-- Exercise objective --
Your answer must be the exact lines from the one holding "Narcotrafic, le poison de l'Europe" through the last line of the records below, with no pictures.

-- Listed entries --

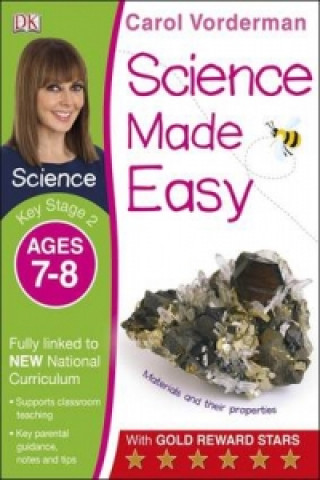 Kniha Science Made Easy, Ages 7-8 (Key Stage 2) Carol Vorderman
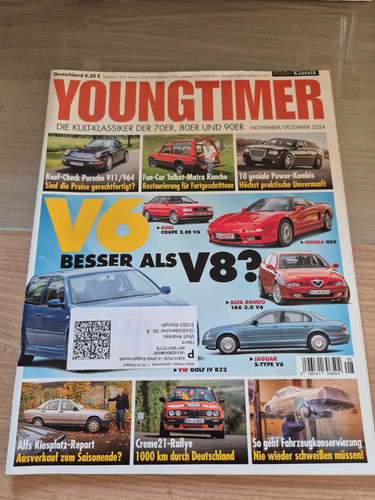 Youngtimer nov dez 2024 - nov./dez,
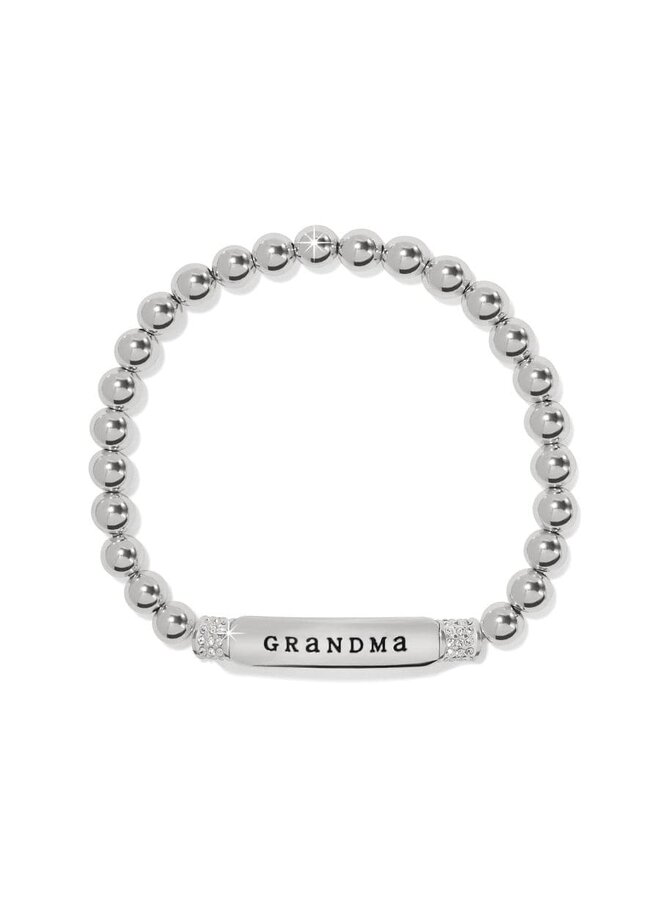 Meridian Grandma Petite Stretch Bracelet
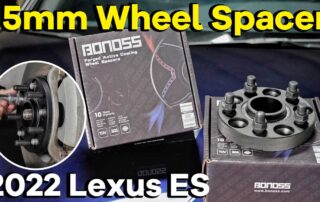 How Do I Choose Bolt-on 15mm Spacers for OEM Wheels BONOSS Forged Aluminum OEM Wheel Spacers (2)
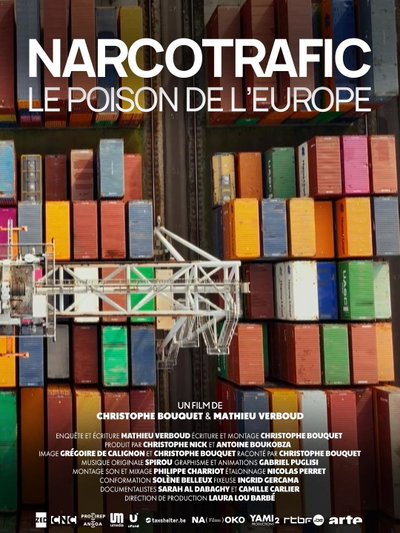 Narcotrafic, le poison de l'Europe
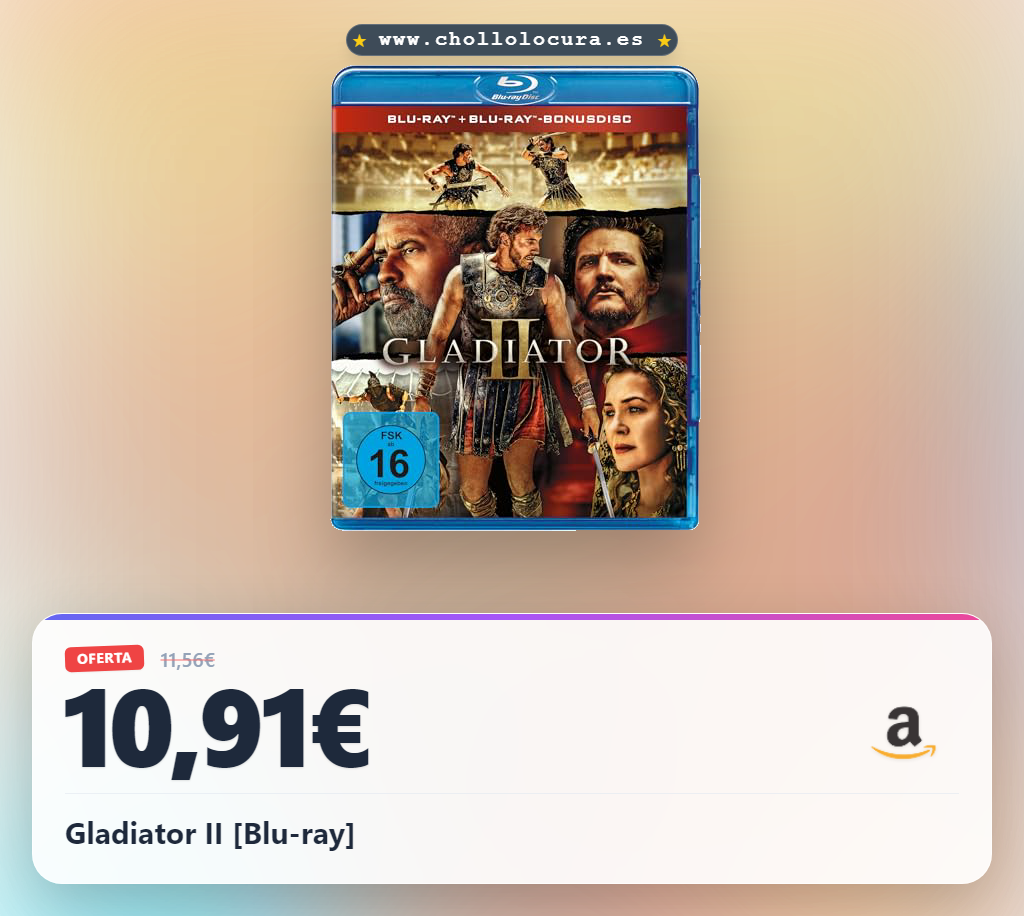 Gladiator II [Blu-ray]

-- Solution for this task --
 Narcotrafic, le poison de l'Europe
 Gladiator II [Blu-ray]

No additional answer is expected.